In the night, Lancelot woke to the sound of moans.
Gawaine
was crying, "Not the women and children! No, no!"
"Gawaine! Wake up, you're having a nightmare," Lancelot called out gently.
He made some unintelligible sounds. "What? Oh, Lance. Thanks, the nightmares about the war go on and on, but they don't always wake me up. I wish they did."
"Are you well now?"
"Yes, thanks. I'm fine." However, his voice was not hearty as usual. "Go back to sleep."
Lancelot rolled on her side and tried to dismiss the memories of war that his groans had brought back to her. Perhaps women and men weren't so different after all.
Guinevere lay on Lancelot's side of the bed. Lancelot had been gone too long – none of her scent was left on the coverings.
There was a chance of danger in any long journey. Even in a skirmish with brigands, it was possible to be killed. How long would it be before she knew Lancelot was unhurt?
Some women claimed they would know immediately if the men they loved died a hundred miles away, but Guinevere didn't believe that.
However bad a man Gawaine might be, at least he was such a good fighter that Lancelot was probably safer traveling with him.

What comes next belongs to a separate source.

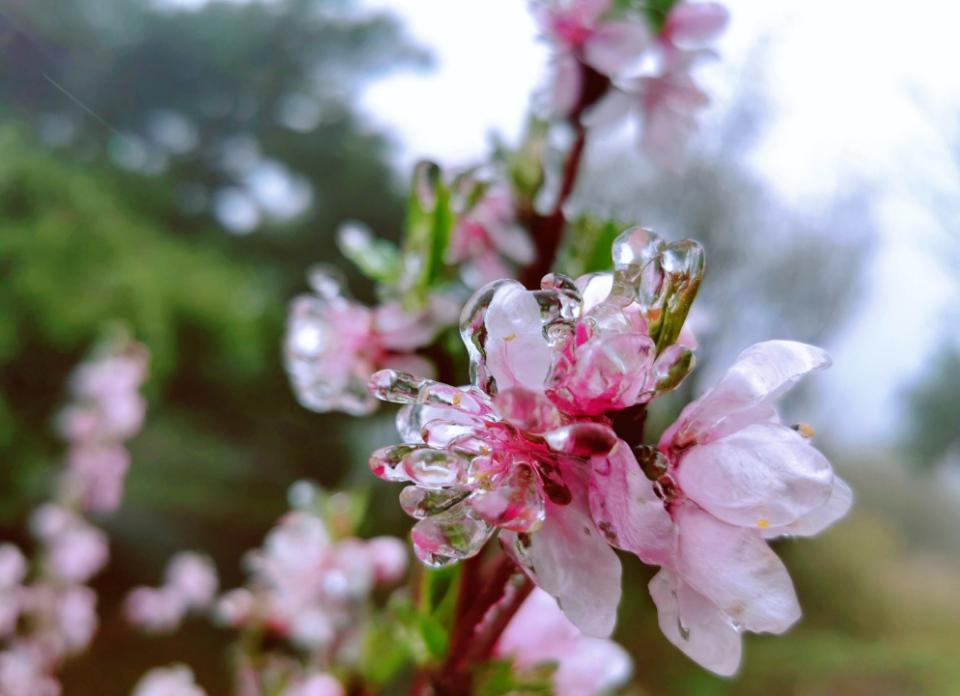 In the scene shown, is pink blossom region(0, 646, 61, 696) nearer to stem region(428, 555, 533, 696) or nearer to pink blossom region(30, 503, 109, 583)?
pink blossom region(30, 503, 109, 583)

But it infuriated Guinevere that he had so much time to be with Lancelot, when she, who loved Lancelot so much, had so little time. Just snatched hours at night, never whole days.
Guinevere sighed and tried to force herself to sleep.
After weeks of rain, the sun shone on Camelot. Guinevere burned with desire to course through the fields and the woods. She decided to ride alone, though Arthur didn't want her to do so. Bors had the ague and there were no other warriors she wanted as escorts. Perhaps Dinadan might be acceptable, but he had gone away for a few days. She went to the stables early, at a time when most of Camelot would be breaking their fast, and told Cuall, "I shall ride unaccompanied this morning."
The old stablemaster frowned at her as few dared to frown at the queen. "If you say so, Lady Guinevere. I and all my stablehands will be drawn and quartered if you meet with any trouble, but do not worry your head about such small things."